Your instructions: All pictures are to be omitted while the lines starting at the line with "ANRUK 4M210-08 Électrovanne" and ending at the line with "#309 190 MANITOBA STREET - 7" in the material below are retyped exactly, both ends included.

Records supplied:
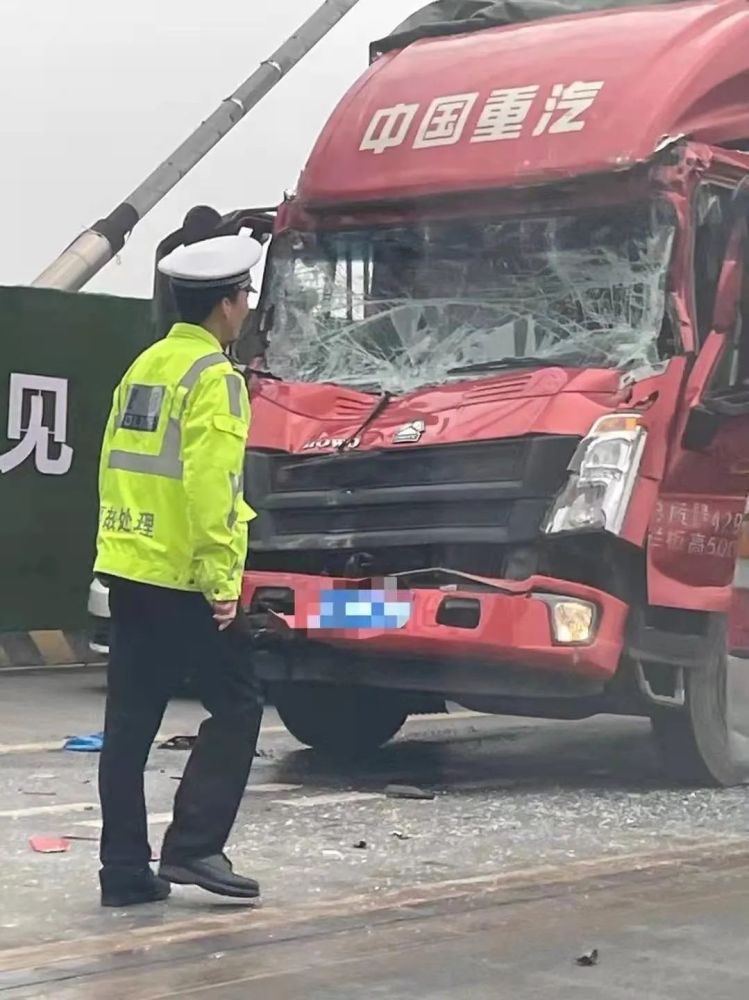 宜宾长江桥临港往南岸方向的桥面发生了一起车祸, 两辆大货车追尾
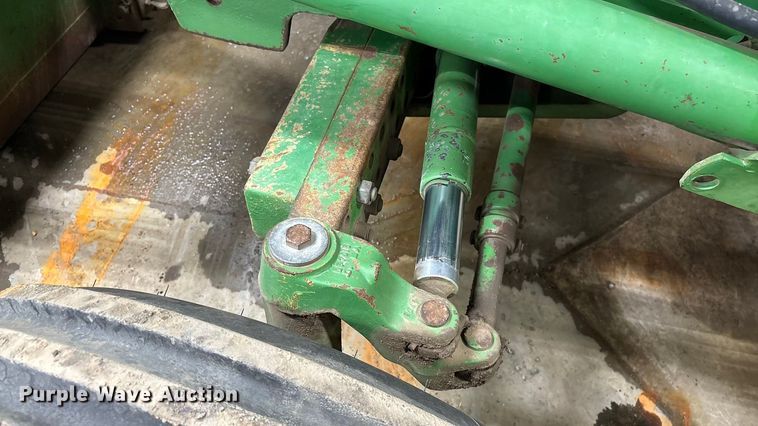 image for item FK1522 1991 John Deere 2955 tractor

---

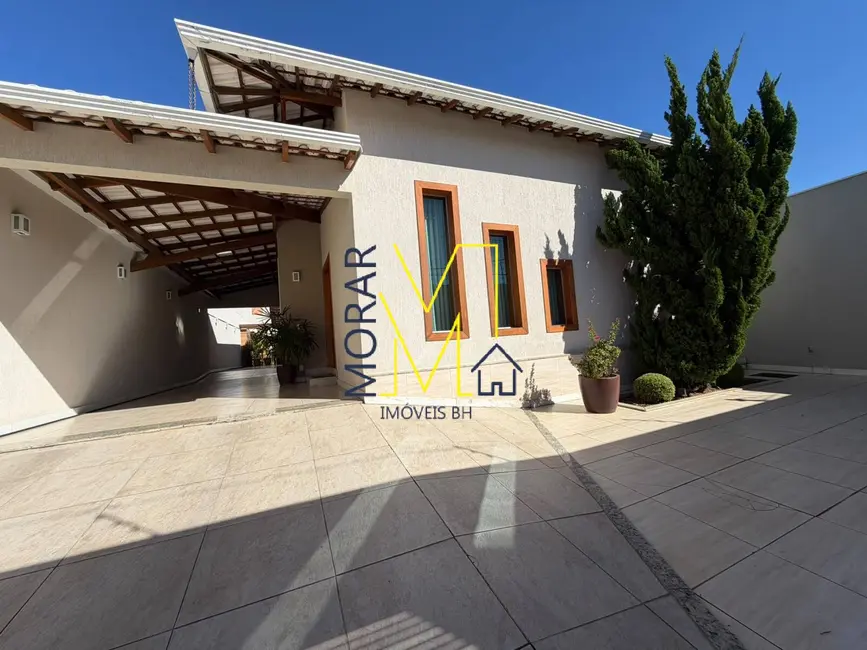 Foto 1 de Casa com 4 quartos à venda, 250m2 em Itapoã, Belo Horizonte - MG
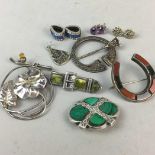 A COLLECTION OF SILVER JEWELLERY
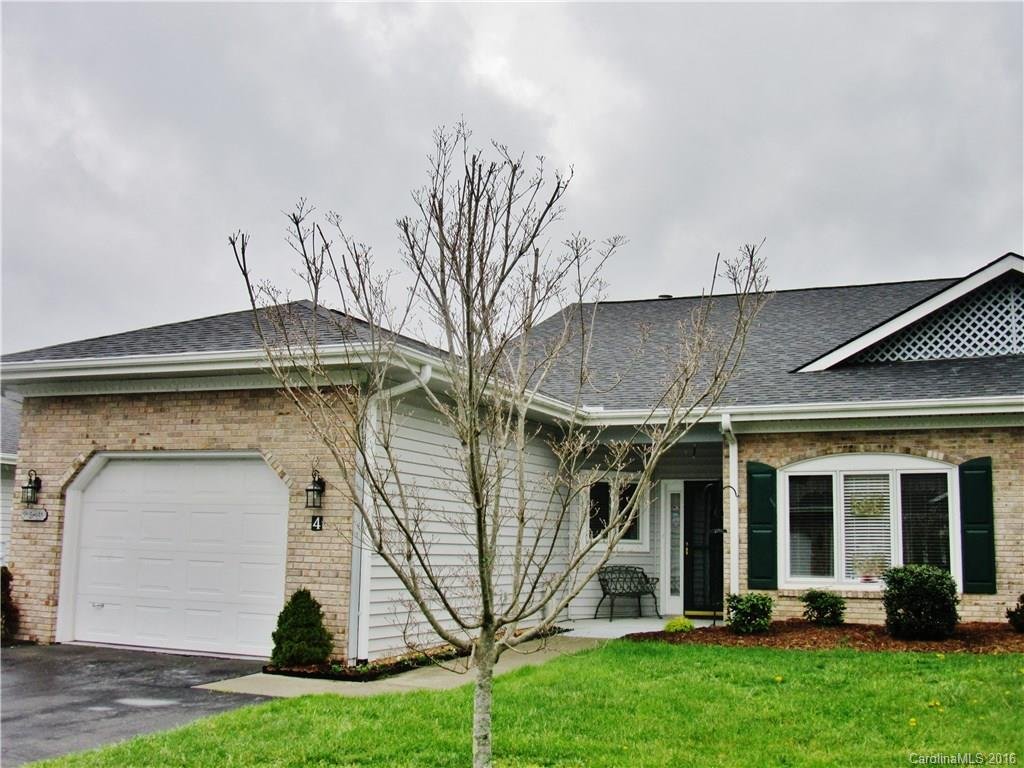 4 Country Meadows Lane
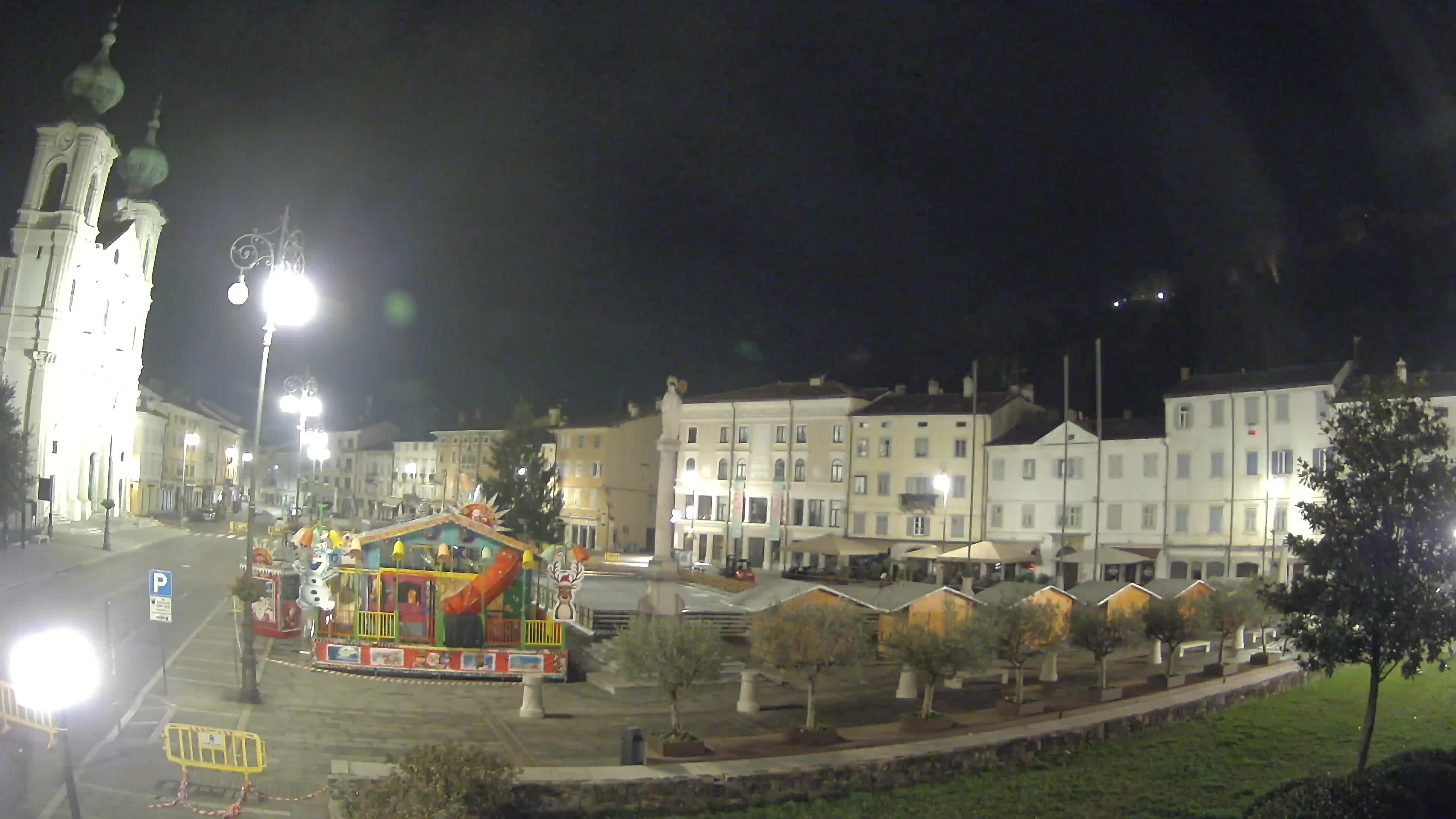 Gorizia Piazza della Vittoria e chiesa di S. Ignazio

==

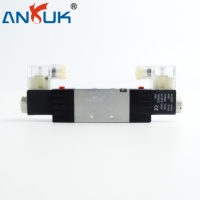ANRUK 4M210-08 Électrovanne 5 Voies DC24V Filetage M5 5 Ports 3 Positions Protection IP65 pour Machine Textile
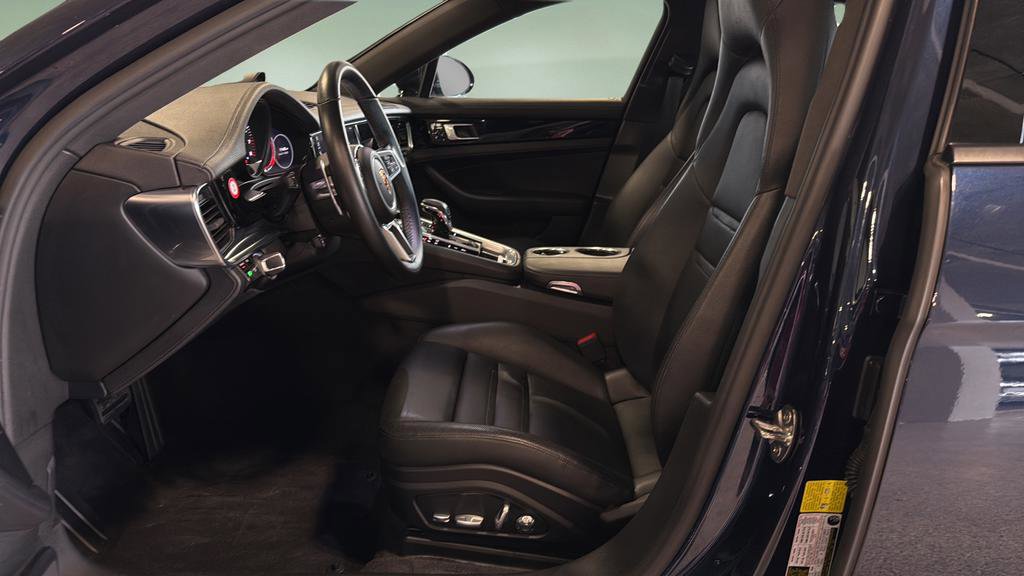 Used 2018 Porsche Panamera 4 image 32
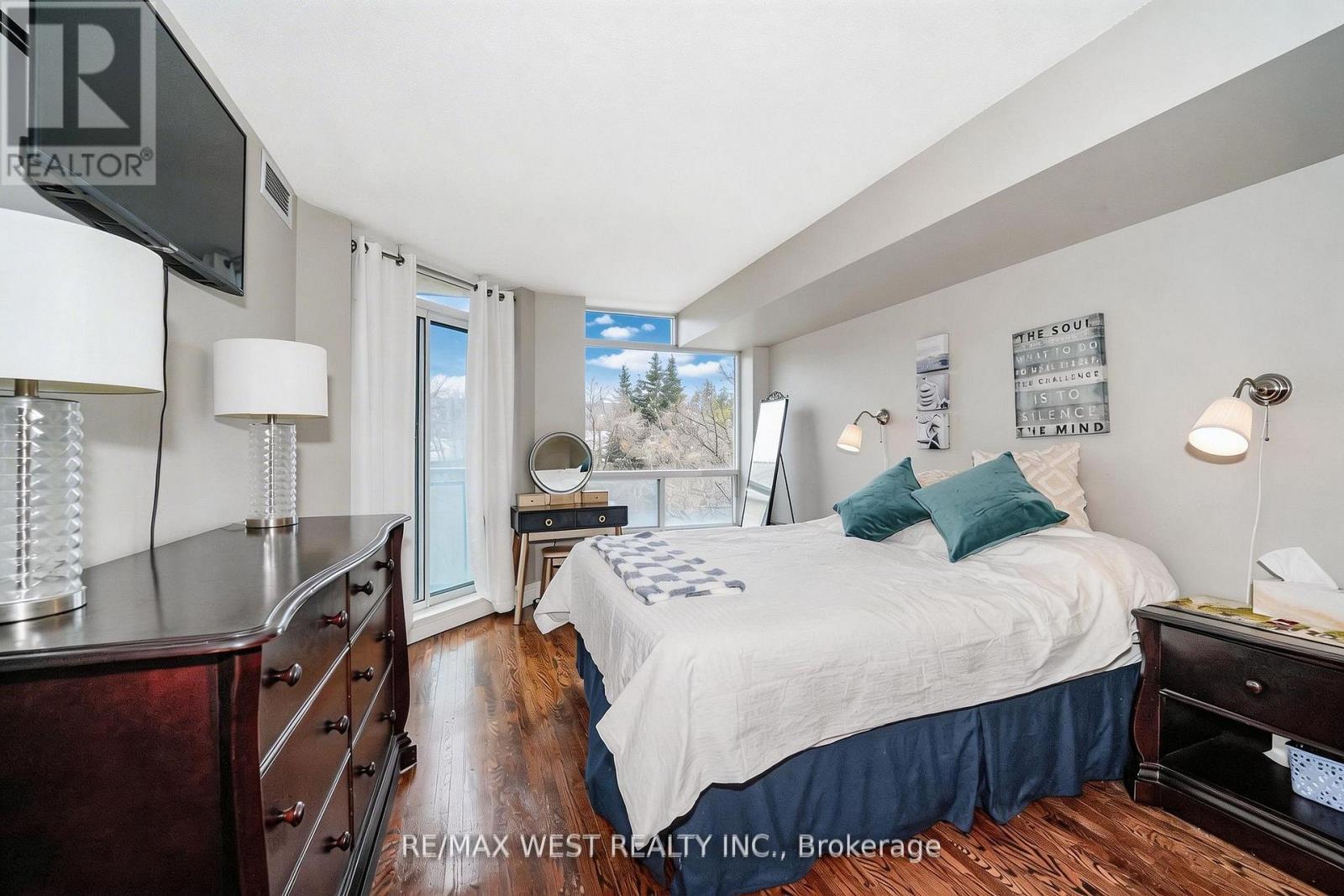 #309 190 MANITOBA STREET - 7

Result for this exercise:
ANRUK 4M210-08 Électrovanne 5 Voies DC24V Filetage M5 5 Ports 3 Positions Protection IP65 pour Machine Textile
 Used 2018 Porsche Panamera 4 image 32
 #309 190 MANITOBA STREET - 7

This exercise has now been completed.